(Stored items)

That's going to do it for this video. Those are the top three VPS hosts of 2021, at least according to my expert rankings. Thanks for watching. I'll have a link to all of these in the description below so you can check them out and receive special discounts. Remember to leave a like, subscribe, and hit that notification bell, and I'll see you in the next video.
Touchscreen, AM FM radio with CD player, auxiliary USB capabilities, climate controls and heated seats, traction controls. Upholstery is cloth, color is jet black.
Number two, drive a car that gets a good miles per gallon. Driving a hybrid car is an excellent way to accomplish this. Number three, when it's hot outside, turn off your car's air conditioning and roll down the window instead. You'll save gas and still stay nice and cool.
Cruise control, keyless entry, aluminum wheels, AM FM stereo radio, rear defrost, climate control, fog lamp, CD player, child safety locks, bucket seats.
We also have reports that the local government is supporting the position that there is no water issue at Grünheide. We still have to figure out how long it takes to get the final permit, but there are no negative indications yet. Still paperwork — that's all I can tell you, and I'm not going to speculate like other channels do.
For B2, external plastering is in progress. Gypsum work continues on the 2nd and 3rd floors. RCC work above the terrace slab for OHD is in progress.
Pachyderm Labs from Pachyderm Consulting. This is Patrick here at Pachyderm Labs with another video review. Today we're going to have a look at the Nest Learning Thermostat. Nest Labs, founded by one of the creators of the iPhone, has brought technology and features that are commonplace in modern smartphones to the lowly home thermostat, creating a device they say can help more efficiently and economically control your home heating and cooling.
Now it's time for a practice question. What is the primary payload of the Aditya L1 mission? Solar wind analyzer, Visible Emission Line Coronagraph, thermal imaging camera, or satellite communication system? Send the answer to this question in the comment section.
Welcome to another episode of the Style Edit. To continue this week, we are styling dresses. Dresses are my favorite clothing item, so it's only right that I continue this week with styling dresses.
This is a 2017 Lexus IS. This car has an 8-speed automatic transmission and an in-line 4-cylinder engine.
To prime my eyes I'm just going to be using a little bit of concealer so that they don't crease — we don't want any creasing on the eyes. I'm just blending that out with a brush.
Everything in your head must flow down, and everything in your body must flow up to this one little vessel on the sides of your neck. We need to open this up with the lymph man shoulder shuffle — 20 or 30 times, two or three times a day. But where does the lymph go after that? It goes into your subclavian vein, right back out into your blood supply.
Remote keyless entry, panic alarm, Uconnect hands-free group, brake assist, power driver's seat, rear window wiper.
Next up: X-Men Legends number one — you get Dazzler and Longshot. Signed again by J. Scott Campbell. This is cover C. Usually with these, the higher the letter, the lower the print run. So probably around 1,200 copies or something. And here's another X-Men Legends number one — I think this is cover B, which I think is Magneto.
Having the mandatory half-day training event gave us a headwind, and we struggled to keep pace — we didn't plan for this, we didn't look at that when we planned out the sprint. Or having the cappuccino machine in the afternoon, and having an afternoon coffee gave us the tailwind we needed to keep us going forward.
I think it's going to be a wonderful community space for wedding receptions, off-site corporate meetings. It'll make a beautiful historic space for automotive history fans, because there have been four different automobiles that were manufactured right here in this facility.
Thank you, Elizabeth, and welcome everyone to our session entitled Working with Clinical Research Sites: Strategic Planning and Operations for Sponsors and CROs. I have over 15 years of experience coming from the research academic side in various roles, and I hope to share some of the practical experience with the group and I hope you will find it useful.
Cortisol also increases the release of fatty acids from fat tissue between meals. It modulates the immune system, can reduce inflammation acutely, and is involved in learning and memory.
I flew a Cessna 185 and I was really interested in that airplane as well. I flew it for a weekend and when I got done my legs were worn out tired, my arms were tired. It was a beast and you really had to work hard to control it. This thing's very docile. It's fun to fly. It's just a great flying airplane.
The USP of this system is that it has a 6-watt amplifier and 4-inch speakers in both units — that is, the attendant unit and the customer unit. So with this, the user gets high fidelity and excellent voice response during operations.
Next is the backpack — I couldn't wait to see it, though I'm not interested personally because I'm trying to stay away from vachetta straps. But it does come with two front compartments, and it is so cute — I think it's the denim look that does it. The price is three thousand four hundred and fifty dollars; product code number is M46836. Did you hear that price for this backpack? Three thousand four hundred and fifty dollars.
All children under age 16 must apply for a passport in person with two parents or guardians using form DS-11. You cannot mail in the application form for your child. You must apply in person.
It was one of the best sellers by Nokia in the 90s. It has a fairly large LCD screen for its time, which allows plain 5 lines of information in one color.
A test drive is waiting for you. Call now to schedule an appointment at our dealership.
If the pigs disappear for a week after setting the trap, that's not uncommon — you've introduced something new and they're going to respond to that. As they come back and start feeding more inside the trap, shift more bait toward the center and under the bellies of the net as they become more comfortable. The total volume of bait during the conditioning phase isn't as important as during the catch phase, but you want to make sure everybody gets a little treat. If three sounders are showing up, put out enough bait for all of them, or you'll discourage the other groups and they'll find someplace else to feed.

**WHAT YOU SHOULD DO:** Up to and including the line with "Touchscreen, AM FM", transcribe the entries above exactly, starting from their first line.

**ANSWER SECTION:**
That's going to do it for this video. Those are the top three VPS hosts of 2021, at least according to my expert rankings. Thanks for watching. I'll have a link to all of these in the description below so you can check them out and receive special discounts. Remember to leave a like, subscribe, and hit that notification bell, and I'll see you in the next video.
Touchscreen, AM FM radio with CD player, auxiliary USB capabilities, climate controls and heated seats, traction controls. Upholstery is cloth, color is jet black.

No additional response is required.